In 2020, the antibacterial mechanism of these agents was proven by Li et al. in a report in ACS Infectious 

Diseases [17]. This report confirmed that, as reported earlier, this series of molecules bind directly to the 

undecaprenyl pyrophosphate synthases (UPPS) of E. faecalis, S. aureus and E. coli in a direct and high-

affinity manner. This paper is worth consulting as the models can be used for further optimization of these 

molecules and analogues as UPPS is an essential component of cell wall biosynthesis.  

Since the Nicolaou group have successfully synthesized these molecules, viridicatumtoxin A (7) and B (8) 

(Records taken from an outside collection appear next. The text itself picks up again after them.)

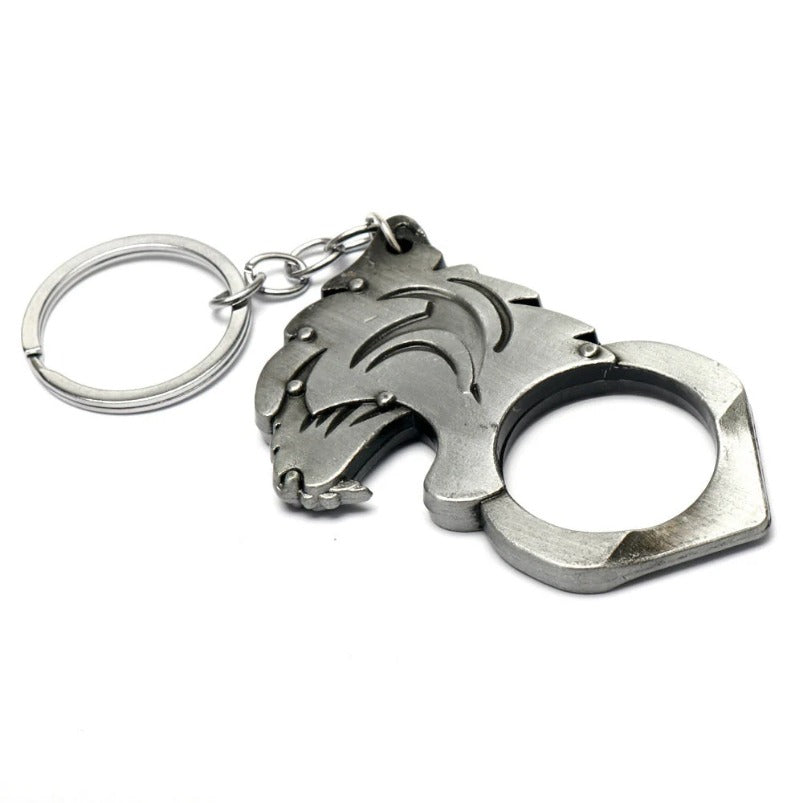 Multiple Colors Tiger Head One Finger Knuckle Key Ring Pendant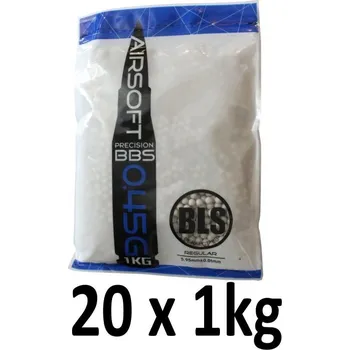 Airsoftová kulička Airsoftové kuličky BLS Precision Grade 0,45g, 2200bb, bílé, 20x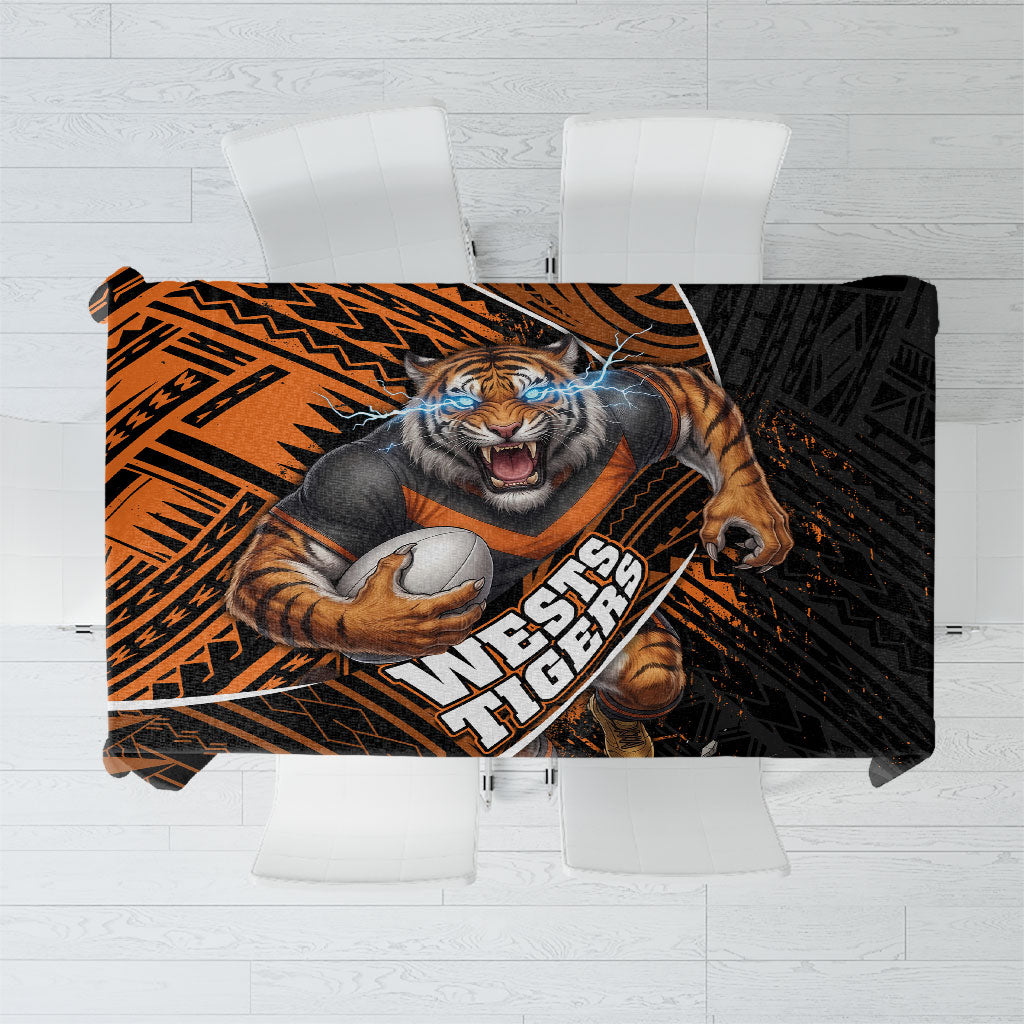 Wests Tigers Rugby Tablecloth Tribal Polynesian Power Art - Lightning Mascot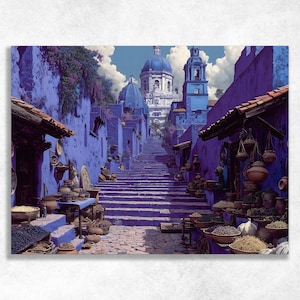 Puede incluir: Una vibrante impresión de arte digital de un paisaje urbano europeo. La imagen presenta una larga escalera que conduce a un edificio con cúpula. Los edificios están pintados en tonos de azul y morado, con puestos que bordean la calle.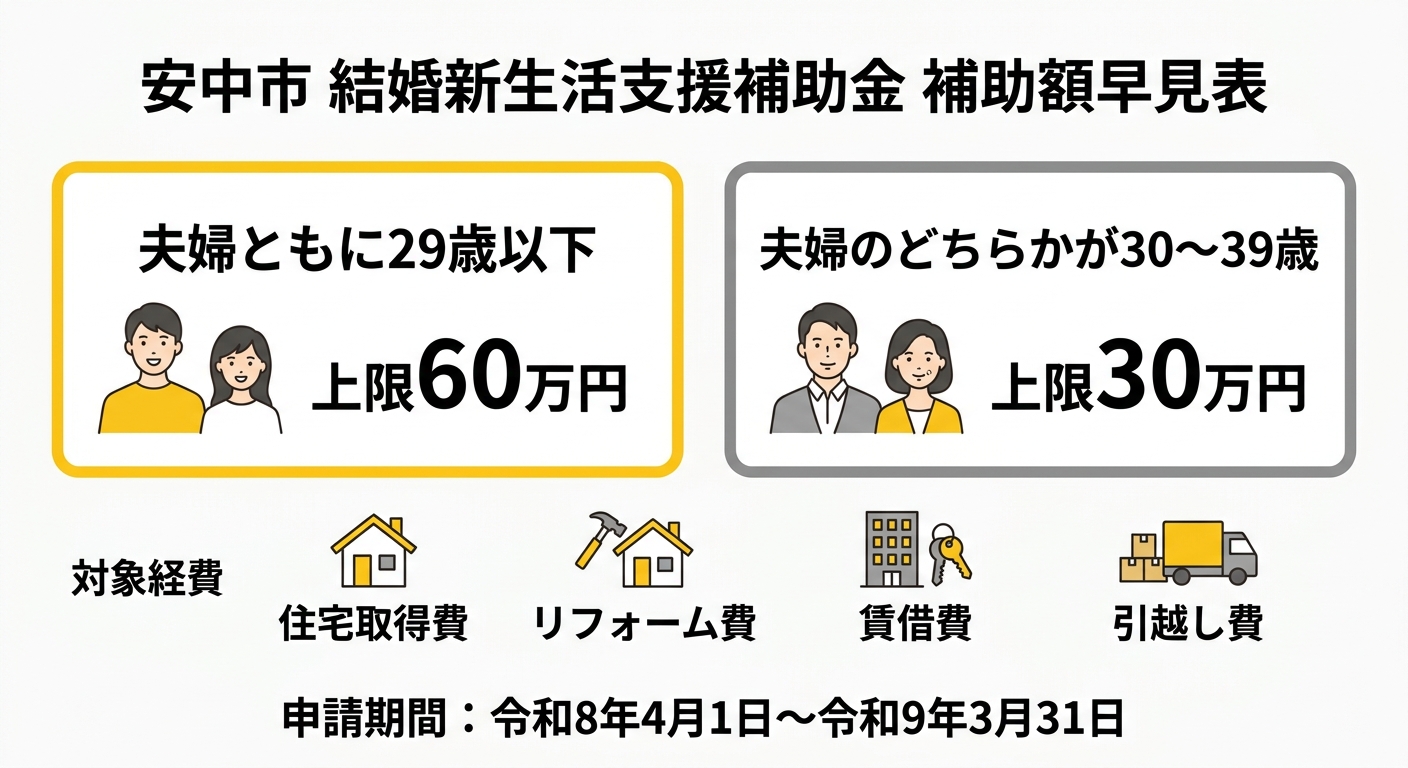安中市 結婚新生活支援補助金 補助額早見表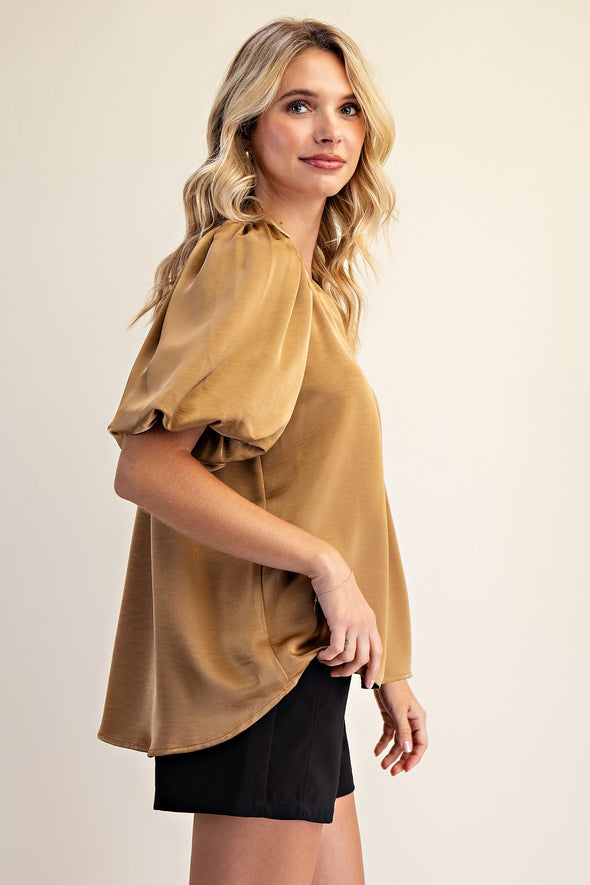 V Neck Puff Sleeve Top in 3 Colors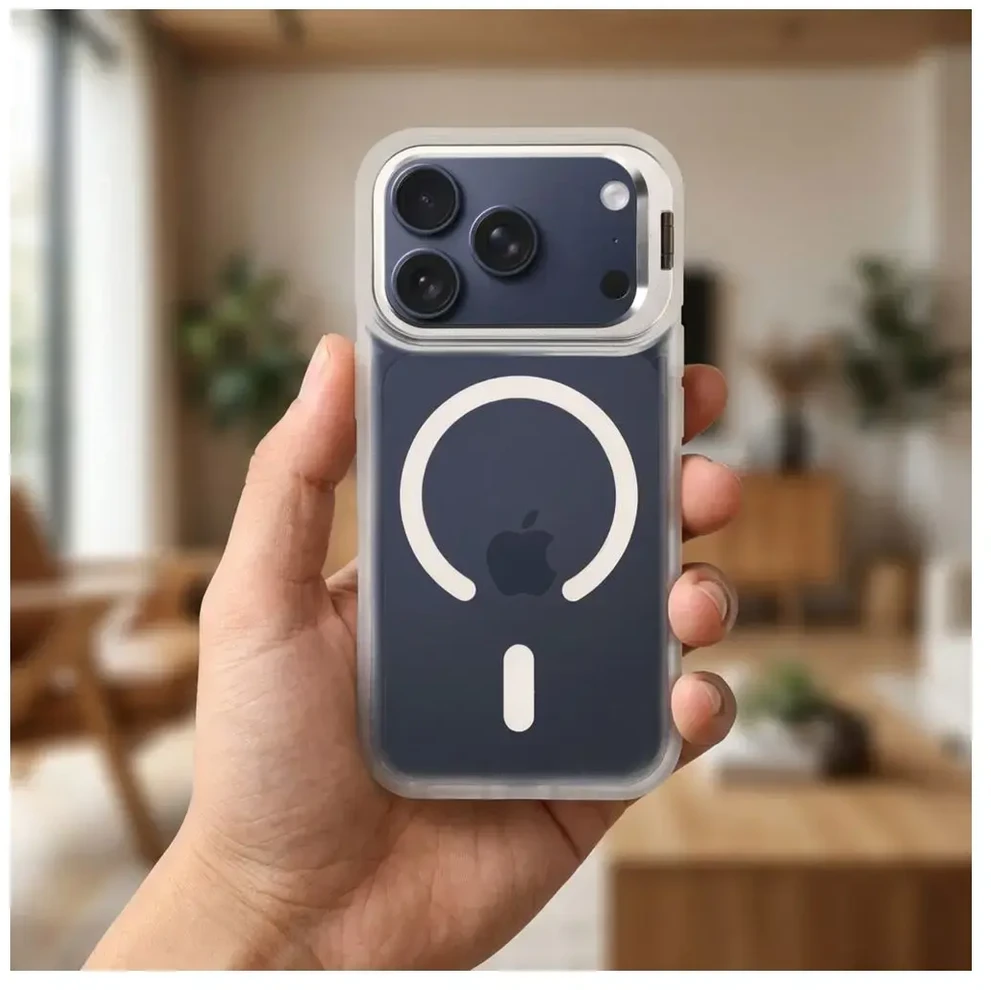 Dėklas Case for iPhone 17 Pro / 18 Pro Forcell F-Protect Shadow Stand Premium compatible with MagSafe sidabrinis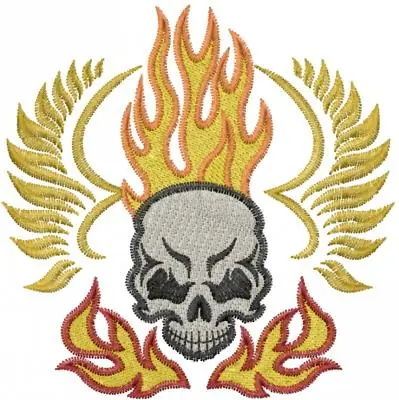 Shop Now Skull Flame Embroidery Design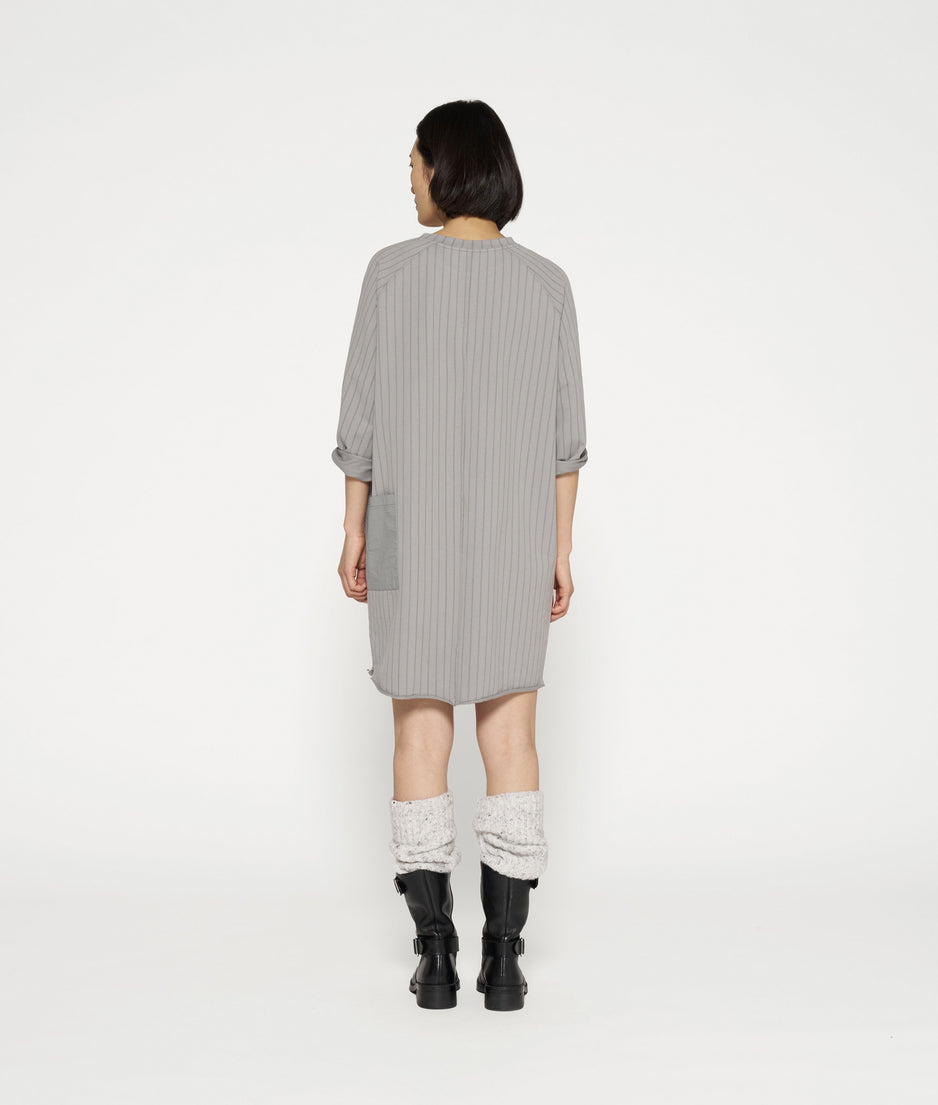 sweat dress pinstripe | graphite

and the Capon group have shown the simple difference in C (9), these are excellent candidates for large 

scale production, synthetically or genomically via modification of the BGC plus fermentation, to provide 

another candidate for use against members of the Gram-positive ESKAPE series. The relevant structures are 

shown in Figure 3. 

 

Figure 3. Viridicatumtoxins; Structures 7 to 12  

Peptidic candidates (other than vancomycin) 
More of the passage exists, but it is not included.